NI LabVIEW FPGAモジュールは、LabVIEWグラフィカルプログラミング環境を自然な形で拡張したものです。VHDLなどの低レベル言語を使用せずに、複雑なFPGAプログラミングを行うことができます。LabVIEWを扱った経験があれば、LabVIEW FPGAの操作も容易に習得できます。これによって、FPGAプログラミングに必要なアプリケーションでの開発作業に要する時間が大幅に短縮され、カスタムハードウェアの設計が不要になります。HDLでプログラミングする代わりに、LabVIEWのブロックダイアグラムでアプリケーションを作成し、LabVIEW FPGAでグラフィカルコードをコンパイルして、FPGAハードウェアに実装します。
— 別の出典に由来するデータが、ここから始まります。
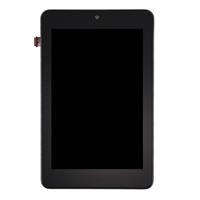 huismerk LCD-scherm en Digitizer met Frame voor Asus Memo Pad HD7 / ME173X / ME173 K00B (zwart)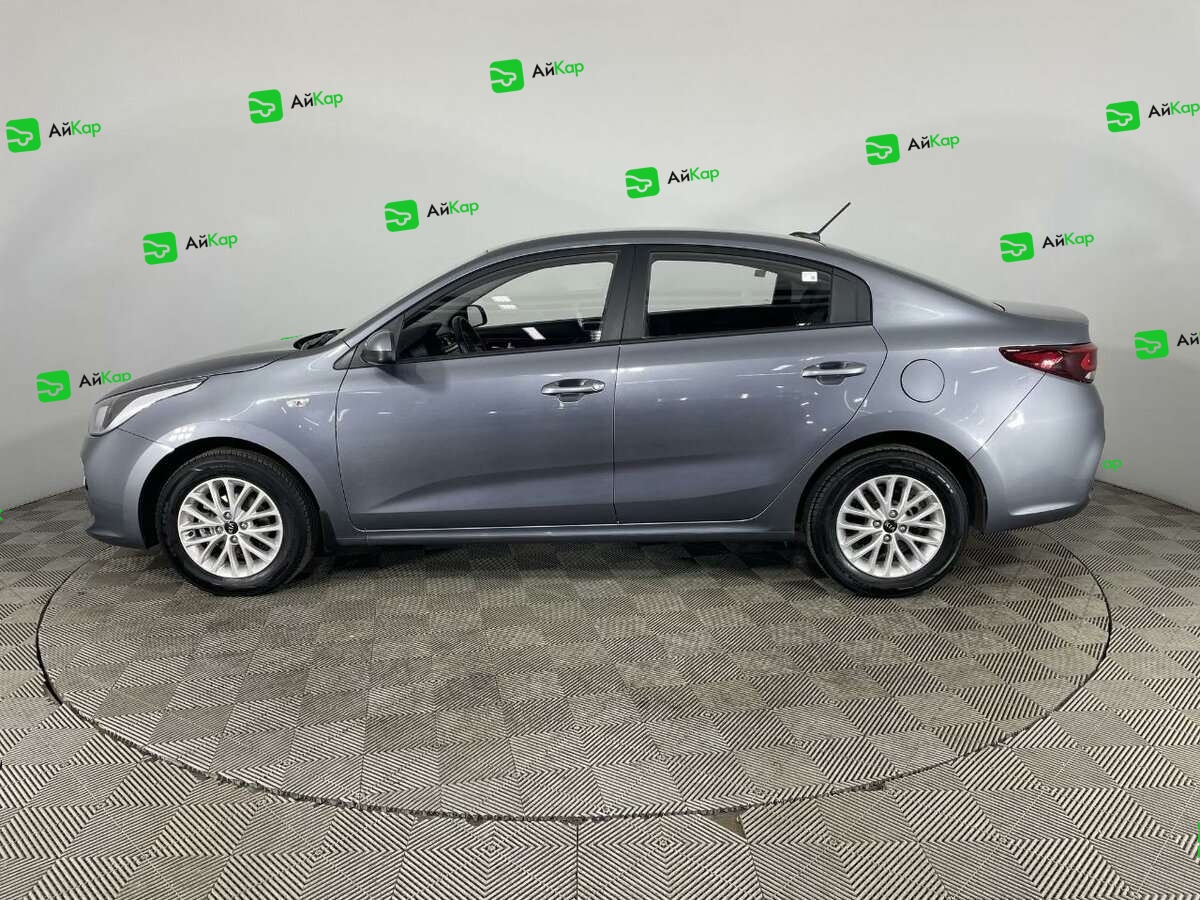 Kia Rio с пробегом — 2020 год. Фото: #4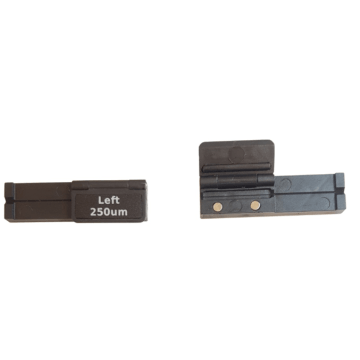 SB, Vezelhouder, 250um, rechts, zwart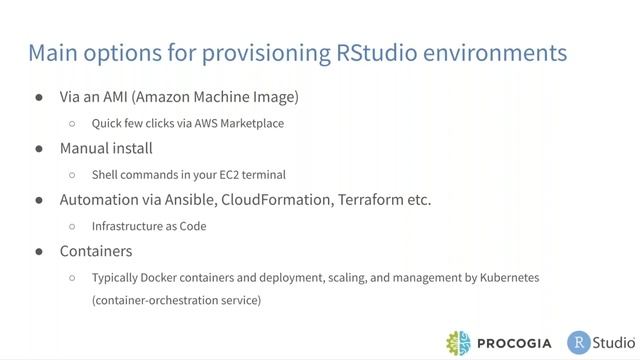 Kevin Bolger & Oisin Bates | Architecting RStudio Products in the Cloud | RStudio (2020) смотреть онлайн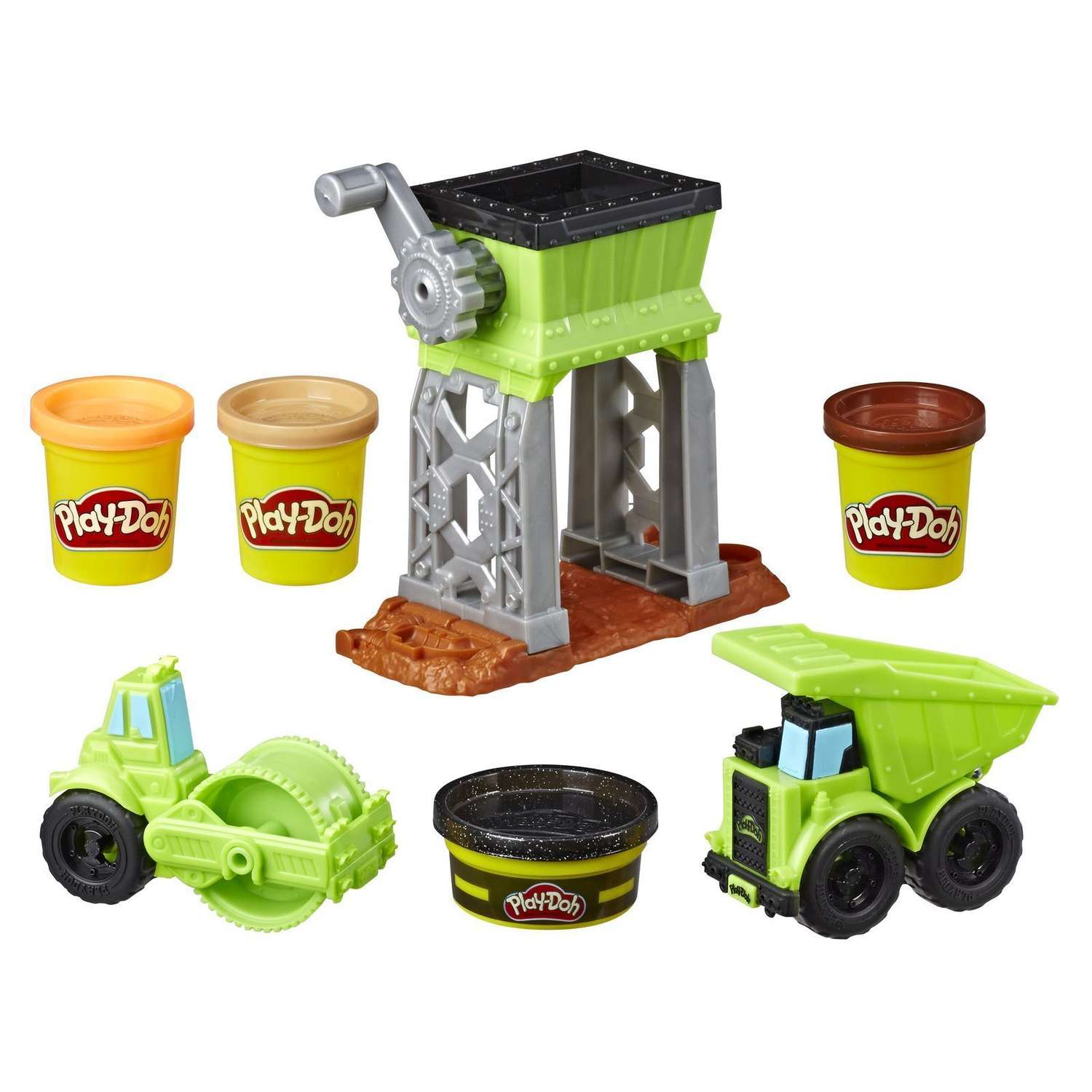 Play doh on sale construction set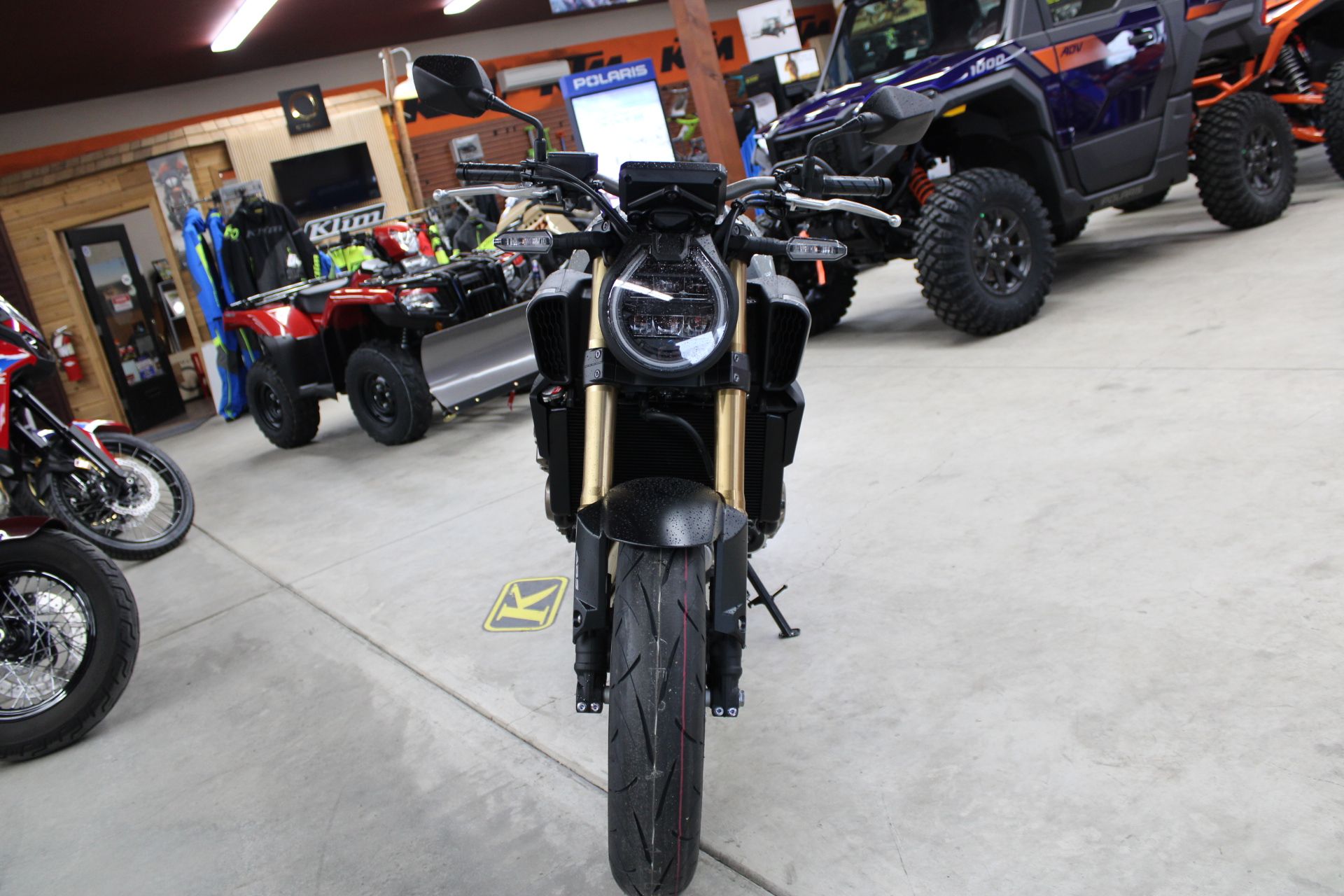 2024 Honda CB650R ABS in The Dalles, Oregon - Photo 7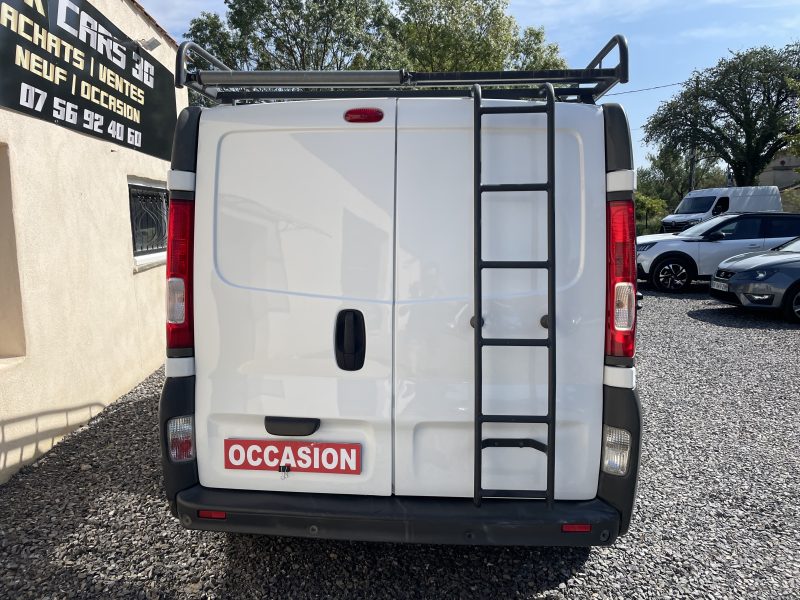 RENAULT TRAFIC II Fourgon 2012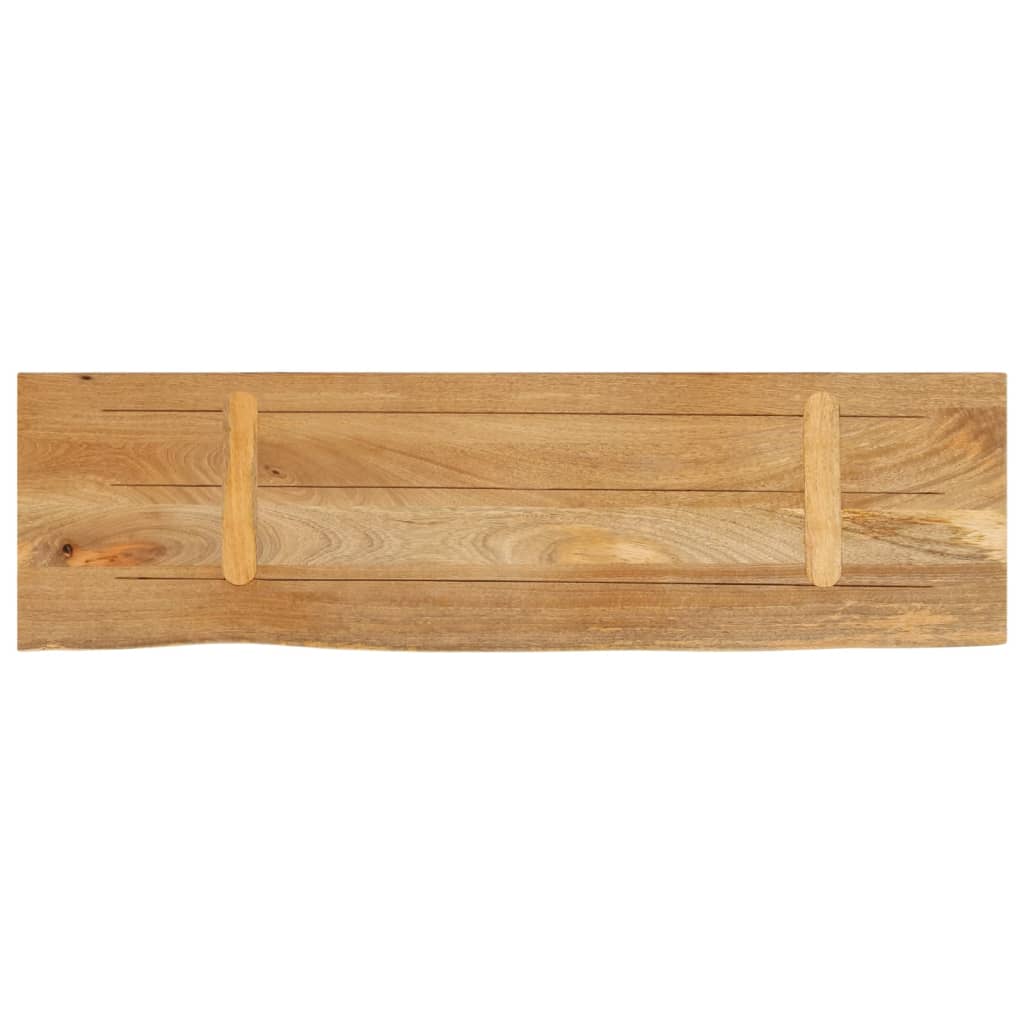 Stolní Deska Živá Hrana 120 X 30 X 2,5 Cm Masivní Mangovník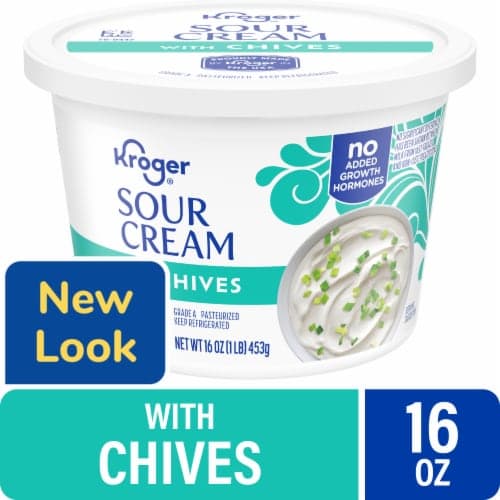 Kroger Sour Cream With Chives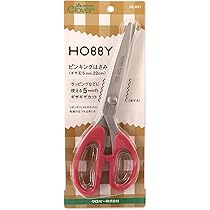 Amazon.co.jp: Clover ホビーピンキングはさみ P210 ギザ刃5mm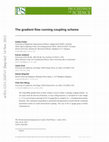 Research paper thumbnail of The gradient flow running coupling scheme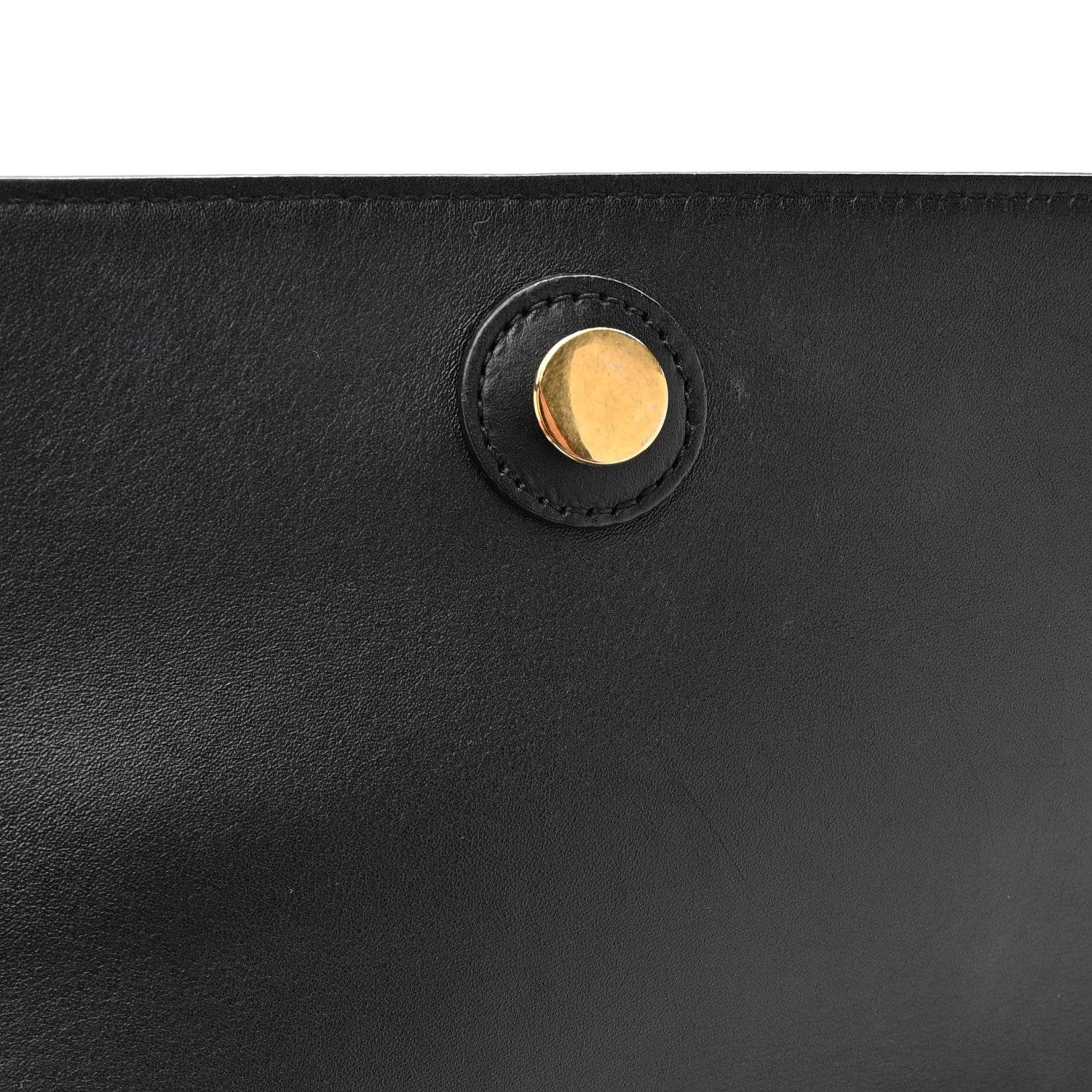 Celine Felt Smooth Calfskin Mini Belt Bag Grey Black 12 of 12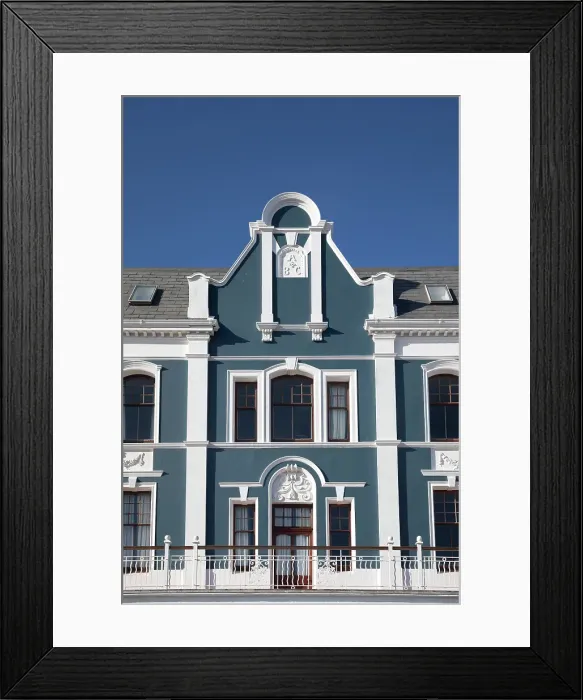 Framed Print : Simon's Town, Western Cape, South Africa Framed Print : Simon's Town, Western Cape, South Africa
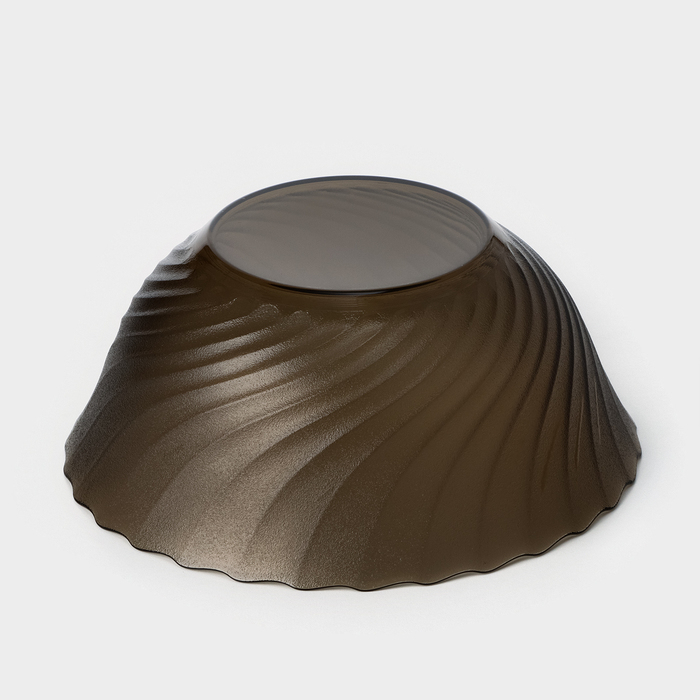 Набор столовый стеклянный Ocean. Eclipse, 44 предметов, цвет коричневый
多くの画像処理アルゴリズムは本質的に並列的であるため、FPGAによる実装に適しています。このようなアルゴリズムで扱われるのはピクセル、ライン、および関心領域に対する操作で、パターンなどの高レベルの画像情報は不要です。このような機能を、画像の中の小さなビット領域と複数の領域に対して同時に実行することができます。画像データの処理にはセントラルプロセッサが使用されないため、画像データをFPGAに並列的に渡して同時に処理できます。NI Vision Development Moduleには50種類以上の画像処理機能が搭載されており、NI LabVIEW FPGAモジュールと組み合わせて使用することでFPGA上で画像を処理できます。 FPGA上で使用できるVision Development Moduleの画像処理機能の例を、以下に紹介します。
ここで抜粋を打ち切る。